数々の業績を産んだ「自由の学風」と伝わりやすさへの意識
京都大学公式ウェブサイト
「アマテラス石」発見特別企画:共同研究者所属 3大学の分析 Vol.2
アマテラス石:下林典正 京都大学理学研究科教授、浜根大輔 東京大学技術専門職員、永嶌真理子 山口大学若手先進教授、森祐紀 高輝度光科学研究センター研究員、松本崇 株式会社リガクグループマネージャー、アマチュア鉱物研究家の大西政之氏と田邊満雄氏からなる研究チームは、日本の「国石」に選定されている「ヒスイ」の中から、新種の鉱物(新鉱物)を発見し、日本神話に登場する天照大神の名を冠し、「アマテラス石(学名:Amaterasuite)」と命名しました。
1 京都大学Webサイトの概要
京都大学は、京都市に本部を置く国立の総合研究大学で、1897年創立の長い歴史を誇っています。「自由の学風」や自主自律、学問の探究心といった方針を示し、19名のノーベル賞受賞者を輩出するなど、国際的に認められる多くの研究業績を誇っています。

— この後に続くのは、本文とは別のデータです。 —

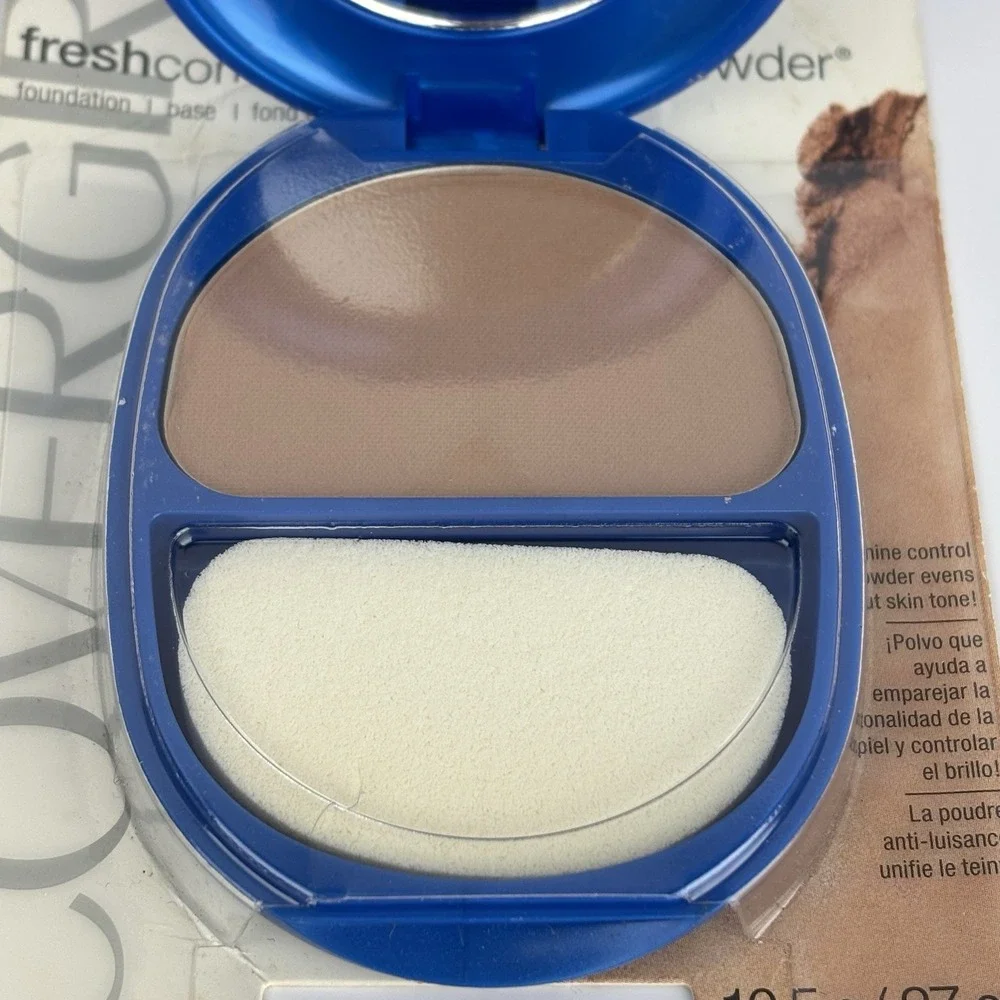 Covergirl Fresh Complexion Pocket Powder Classic Beige - 630 - BNIP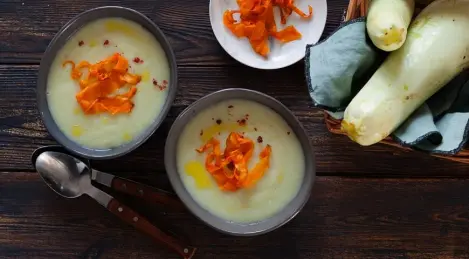 Rice soup with zucchini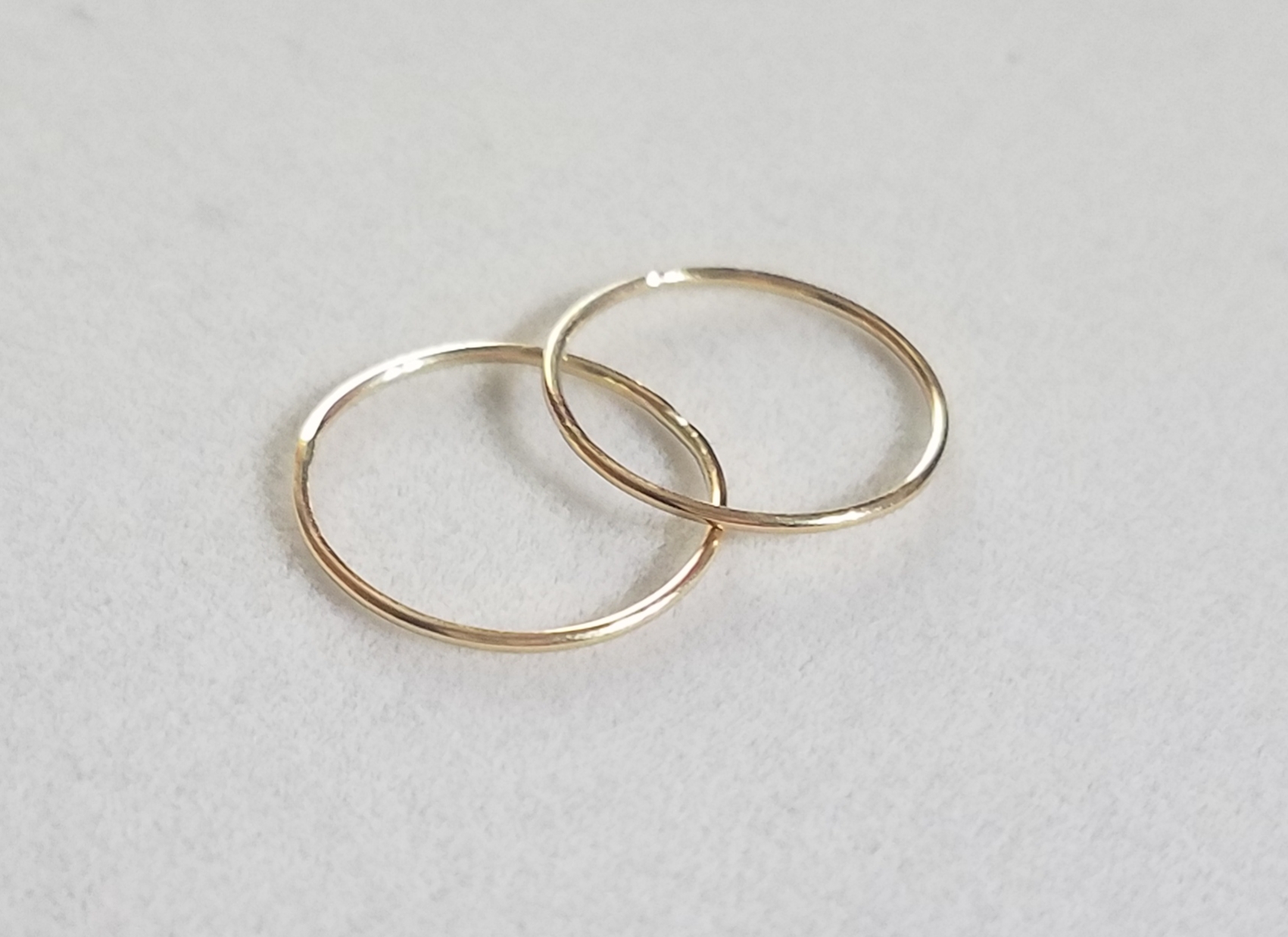 【k10】0.8㎜幅 シンプルリング　(１本売り)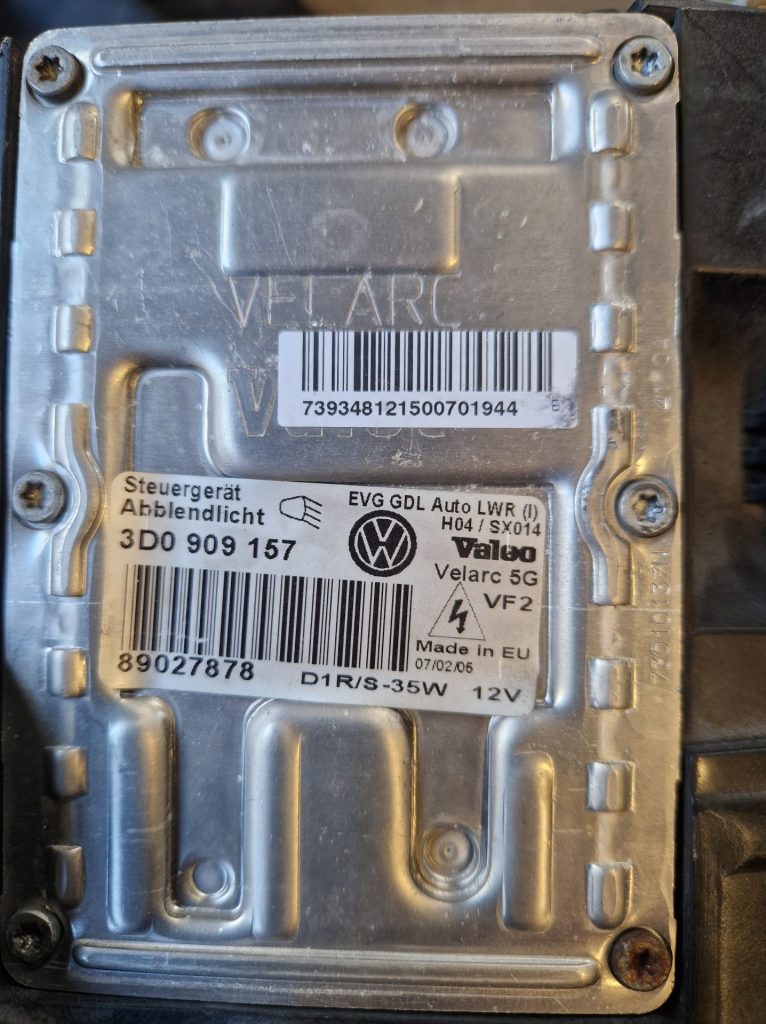 Riadiaca jednotka Xenónu VW Touareg 7l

京都大学公式ウェブサイトは、学部・大学院案内、研究成果、入試・キャンパス情報などを包括的に提供する案内サイトとして、豊富な情報を提供しています。視覚的にも、情報の整然としたまとまりと深みを感じさせる構成です。
2 サイトのターゲット
- 受験生・在学生:進学・学びに関する具体情報へアクセスしやすい構成です。
- 研究者・産業界:産官学連携や研究情報が充実しています。
- 地域住民・社会人:公開講座やイベント案内を通じ、社会連携が示されています。
- 国際的な来訪者:多言語対応により、グローバルに情報発信しています。
3 トップページの印象
京都大学ウェブサイトトップページは、メインビジュアルとして、キャンパスの雰囲気や学術成果などがスライド表示されます。明るく活動的な学生生活と、知的なインフォメーションが同居し、「自由の学風」の中で、数々の素晴らしい業績が生まれた事を現しているかのようです。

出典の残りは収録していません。